Many people hope that next month's election will bring change to Britain. Among Western nations we appear to have been hardest hit by the recession and government spending, which accounted for 40 per cent of GDP in 1997, has risen from 44 per cent of GDP just three years ago to 52 per cent today, the largest jump among wealthy nations. Yet, just as many people have had their unrealistically high hopes for President Obama dashed in little more than a year since he came to power in the United States, so too Britain in 2011 or 2015 will still face an overwhelming number of seemingly insoluble social and economic problems. Even the Government forecasts debt to peak at more than 89 per cent of GDP in 2013-2014, while independent analysis suggests the nation’s debt burden including pension obligations and the cost of bailing out big banks is actually 420 percent of GDP, twice the level of Japan, the world’s leading debtor.

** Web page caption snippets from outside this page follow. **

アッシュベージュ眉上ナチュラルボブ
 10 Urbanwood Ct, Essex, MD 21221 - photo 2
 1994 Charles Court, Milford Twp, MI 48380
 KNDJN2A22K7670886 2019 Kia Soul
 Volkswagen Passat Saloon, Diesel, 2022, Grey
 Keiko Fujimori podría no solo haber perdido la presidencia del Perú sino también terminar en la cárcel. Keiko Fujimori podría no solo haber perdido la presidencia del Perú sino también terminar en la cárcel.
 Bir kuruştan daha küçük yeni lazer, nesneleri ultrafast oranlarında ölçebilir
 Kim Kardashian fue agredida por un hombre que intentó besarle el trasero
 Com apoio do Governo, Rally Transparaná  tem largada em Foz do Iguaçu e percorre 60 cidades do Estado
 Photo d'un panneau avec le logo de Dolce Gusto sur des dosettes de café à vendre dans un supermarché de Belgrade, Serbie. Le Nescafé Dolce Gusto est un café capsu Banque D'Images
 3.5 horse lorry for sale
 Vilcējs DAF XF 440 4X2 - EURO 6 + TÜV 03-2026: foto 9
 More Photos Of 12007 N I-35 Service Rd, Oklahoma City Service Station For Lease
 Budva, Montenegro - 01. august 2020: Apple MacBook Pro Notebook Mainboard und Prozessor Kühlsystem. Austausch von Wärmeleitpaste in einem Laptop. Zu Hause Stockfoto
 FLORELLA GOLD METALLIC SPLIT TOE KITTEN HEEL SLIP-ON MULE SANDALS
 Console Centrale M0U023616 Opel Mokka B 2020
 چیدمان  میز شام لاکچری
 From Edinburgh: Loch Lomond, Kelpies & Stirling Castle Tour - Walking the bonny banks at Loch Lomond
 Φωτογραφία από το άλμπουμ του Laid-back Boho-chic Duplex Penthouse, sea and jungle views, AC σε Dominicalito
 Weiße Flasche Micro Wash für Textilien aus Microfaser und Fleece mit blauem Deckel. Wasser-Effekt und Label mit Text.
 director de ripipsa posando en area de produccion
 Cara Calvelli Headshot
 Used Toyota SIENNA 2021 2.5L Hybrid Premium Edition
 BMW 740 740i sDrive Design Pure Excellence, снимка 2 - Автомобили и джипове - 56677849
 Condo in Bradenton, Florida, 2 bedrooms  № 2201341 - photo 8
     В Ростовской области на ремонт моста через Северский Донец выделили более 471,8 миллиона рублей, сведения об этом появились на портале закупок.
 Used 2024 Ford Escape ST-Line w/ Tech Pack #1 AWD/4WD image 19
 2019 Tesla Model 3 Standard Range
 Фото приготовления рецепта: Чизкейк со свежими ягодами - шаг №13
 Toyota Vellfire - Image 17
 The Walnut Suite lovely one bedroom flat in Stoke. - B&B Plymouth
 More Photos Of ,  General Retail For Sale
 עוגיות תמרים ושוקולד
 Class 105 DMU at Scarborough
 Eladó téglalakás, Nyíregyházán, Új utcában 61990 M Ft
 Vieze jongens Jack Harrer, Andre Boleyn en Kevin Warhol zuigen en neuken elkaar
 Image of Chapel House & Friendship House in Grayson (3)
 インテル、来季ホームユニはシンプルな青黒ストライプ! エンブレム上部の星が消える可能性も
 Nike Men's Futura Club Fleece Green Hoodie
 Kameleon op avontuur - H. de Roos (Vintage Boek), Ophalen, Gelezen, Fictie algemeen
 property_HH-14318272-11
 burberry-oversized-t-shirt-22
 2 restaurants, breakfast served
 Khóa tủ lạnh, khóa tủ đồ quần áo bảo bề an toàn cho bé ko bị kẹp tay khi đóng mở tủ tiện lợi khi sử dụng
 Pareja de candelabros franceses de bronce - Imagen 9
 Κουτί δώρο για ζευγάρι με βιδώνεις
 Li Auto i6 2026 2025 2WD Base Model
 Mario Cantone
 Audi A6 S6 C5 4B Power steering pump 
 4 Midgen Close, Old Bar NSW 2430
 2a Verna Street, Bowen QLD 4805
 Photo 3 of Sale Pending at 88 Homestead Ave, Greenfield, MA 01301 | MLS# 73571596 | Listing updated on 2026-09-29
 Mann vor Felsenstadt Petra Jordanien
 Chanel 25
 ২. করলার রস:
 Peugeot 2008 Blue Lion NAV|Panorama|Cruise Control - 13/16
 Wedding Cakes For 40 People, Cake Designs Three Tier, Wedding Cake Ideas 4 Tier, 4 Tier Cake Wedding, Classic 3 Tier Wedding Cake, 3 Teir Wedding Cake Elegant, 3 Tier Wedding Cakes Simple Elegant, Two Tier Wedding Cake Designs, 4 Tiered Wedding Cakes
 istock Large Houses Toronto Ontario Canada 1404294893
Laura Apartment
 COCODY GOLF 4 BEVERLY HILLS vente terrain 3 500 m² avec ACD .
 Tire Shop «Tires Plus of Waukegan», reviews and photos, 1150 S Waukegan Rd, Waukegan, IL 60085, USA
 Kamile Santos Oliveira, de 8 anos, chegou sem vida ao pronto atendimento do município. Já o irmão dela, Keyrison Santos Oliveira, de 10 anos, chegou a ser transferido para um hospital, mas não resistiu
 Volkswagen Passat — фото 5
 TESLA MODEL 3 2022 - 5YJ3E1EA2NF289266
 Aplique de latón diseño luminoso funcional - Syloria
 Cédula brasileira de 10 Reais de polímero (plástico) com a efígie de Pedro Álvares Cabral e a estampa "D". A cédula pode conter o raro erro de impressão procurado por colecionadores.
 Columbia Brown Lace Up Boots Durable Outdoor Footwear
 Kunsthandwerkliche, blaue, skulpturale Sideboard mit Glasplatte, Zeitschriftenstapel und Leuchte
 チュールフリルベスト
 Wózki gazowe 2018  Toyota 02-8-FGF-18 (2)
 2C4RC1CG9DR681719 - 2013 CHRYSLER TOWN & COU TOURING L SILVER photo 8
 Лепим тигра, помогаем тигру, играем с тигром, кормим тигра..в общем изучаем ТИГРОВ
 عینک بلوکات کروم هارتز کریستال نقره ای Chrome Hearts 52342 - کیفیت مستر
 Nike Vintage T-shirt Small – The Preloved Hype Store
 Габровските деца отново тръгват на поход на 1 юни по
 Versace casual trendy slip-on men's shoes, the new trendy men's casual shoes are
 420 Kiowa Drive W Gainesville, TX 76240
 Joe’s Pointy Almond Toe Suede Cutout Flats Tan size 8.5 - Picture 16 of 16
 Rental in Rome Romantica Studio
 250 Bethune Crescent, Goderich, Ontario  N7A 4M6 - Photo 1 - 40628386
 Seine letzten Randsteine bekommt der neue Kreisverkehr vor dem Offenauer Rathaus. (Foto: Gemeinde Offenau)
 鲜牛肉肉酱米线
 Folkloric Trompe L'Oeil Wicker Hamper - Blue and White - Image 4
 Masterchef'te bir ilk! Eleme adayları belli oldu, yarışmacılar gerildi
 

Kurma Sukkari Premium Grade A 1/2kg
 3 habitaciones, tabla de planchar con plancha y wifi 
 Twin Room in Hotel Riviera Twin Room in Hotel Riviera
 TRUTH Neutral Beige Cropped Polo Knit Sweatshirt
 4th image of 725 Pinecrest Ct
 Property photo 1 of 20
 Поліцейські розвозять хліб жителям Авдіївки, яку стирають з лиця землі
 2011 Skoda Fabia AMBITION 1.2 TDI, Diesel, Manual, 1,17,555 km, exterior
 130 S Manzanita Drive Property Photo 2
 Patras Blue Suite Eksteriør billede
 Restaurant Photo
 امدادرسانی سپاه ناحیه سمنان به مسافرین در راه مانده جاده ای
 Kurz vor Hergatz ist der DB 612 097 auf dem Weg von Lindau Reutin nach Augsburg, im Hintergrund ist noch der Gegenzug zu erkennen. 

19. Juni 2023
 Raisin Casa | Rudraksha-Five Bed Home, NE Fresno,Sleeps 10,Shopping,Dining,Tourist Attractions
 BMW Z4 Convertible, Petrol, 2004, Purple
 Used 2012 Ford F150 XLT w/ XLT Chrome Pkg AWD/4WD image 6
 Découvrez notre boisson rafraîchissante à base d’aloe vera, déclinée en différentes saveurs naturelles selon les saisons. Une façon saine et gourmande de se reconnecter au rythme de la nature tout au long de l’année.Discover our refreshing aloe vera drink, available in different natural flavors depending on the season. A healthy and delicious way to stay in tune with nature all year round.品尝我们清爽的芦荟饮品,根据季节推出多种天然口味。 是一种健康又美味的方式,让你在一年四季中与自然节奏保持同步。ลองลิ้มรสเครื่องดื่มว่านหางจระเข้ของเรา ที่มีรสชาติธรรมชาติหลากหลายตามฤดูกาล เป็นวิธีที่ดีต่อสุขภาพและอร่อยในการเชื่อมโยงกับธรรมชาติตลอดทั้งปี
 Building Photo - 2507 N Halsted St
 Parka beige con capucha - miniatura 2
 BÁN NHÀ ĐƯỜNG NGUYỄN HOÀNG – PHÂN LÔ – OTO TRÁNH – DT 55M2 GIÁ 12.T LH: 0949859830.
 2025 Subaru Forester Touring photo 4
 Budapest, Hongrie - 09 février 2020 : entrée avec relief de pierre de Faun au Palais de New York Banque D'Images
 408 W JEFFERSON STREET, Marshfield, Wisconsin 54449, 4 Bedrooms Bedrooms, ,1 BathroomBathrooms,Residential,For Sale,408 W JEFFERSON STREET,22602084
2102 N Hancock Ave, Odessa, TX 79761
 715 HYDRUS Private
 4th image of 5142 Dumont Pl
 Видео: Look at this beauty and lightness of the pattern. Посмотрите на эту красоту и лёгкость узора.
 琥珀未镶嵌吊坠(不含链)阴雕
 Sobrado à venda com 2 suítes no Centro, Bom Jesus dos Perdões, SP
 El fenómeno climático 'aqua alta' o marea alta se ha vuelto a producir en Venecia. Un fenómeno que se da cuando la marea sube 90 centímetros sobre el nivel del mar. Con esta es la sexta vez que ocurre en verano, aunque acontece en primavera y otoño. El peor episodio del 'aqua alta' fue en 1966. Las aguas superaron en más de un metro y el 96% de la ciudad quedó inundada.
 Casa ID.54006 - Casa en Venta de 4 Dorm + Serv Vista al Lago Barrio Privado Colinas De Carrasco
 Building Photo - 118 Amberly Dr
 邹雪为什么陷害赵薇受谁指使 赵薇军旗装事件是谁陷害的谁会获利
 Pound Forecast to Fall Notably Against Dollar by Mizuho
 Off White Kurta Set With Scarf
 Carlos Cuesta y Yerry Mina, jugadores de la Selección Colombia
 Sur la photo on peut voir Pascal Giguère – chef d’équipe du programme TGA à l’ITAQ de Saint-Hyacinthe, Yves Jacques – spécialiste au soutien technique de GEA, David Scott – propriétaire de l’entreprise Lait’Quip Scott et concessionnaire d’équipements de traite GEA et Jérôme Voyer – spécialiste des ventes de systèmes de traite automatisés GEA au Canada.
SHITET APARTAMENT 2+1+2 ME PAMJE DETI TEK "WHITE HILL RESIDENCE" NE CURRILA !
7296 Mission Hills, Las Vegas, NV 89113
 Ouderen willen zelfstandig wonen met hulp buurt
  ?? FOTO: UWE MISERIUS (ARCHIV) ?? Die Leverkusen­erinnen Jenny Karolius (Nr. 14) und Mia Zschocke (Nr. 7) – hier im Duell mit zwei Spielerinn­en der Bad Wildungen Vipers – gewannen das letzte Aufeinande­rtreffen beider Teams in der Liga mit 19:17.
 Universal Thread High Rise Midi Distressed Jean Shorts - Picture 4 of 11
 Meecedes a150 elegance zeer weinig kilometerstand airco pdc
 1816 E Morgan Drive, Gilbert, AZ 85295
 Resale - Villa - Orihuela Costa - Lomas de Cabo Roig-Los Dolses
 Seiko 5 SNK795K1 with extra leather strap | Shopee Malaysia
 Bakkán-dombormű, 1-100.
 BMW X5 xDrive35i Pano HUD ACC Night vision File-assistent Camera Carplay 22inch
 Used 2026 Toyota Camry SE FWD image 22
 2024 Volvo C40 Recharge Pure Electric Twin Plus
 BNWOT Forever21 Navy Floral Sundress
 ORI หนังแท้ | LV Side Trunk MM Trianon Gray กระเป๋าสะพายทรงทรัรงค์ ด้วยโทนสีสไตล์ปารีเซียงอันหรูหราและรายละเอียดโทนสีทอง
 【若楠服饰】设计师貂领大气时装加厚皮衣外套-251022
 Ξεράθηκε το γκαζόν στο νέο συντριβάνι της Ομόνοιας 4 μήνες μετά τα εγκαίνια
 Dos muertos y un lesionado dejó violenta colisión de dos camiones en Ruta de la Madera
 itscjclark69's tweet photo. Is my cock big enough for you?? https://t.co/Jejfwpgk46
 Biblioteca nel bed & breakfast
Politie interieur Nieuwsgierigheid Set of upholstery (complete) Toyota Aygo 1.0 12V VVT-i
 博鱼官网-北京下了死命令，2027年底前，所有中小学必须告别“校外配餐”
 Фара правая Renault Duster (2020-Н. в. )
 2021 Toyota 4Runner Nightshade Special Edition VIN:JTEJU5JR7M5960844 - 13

What should we realistically expect, then, of our politicians? New York Times columnist David Brooks has written an interesting piece on happiness that perhaps points the way: 'Most people vastly overestimate the extent to which more money would improve our lives. Most schools and colleges spend too much time preparing students for careers and not enough preparing them to make social decisions. Most governments release a ton of data on economic trends but not enough on trust and other social conditions. In short, modern societies have developed vast institutions oriented around the things that are easy to count, not around the things that matter most. They have an affinity for material concerns and a primordial fear of moral and social ones.'

Citing some of the latest research, he also notes how 'The daily activities most associated with happiness are sex, socializing after work and having dinner with others. The daily activity most injurious to happiness is commuting. According to one study, joining a group that meets even just once a month produces the same happiness gain as doubling your income. According to another, being married produces a psychic gain equivalent to more than $100,000 a year.'

This should surely affect the kind of questions we want to ask our politicians and that we want our politicians to be asking. It is all too easy, in expecting economic policy to solve all our ills, to make an idol of money. Yet, as Thomas Aquinas observed, 'Political life neither provides our final end nor contains the happiness we seek for ourselves and others. Such happiness ultimately is a state of mind; the purpose of temporal tranquillity, which well-ordered policies establish and maintain, is to give opportunities for contemplating truth.'

May we each vote wisely! After all, as Plato warned, 'The penalty that good men pay for not being interested in politics is to be governed by men worse than themselves.'

Comments

Almost at the end of the first chapter of his book To Resist or to Surrender?, the late Paul Tournier (1898-1986) says the following: "in the future there must a collective leadership in which psychologist and moralists will occupy places next to technical and economic experts" and "it could well be that one day our poets will come to rescue our engineers!" Plato, take note.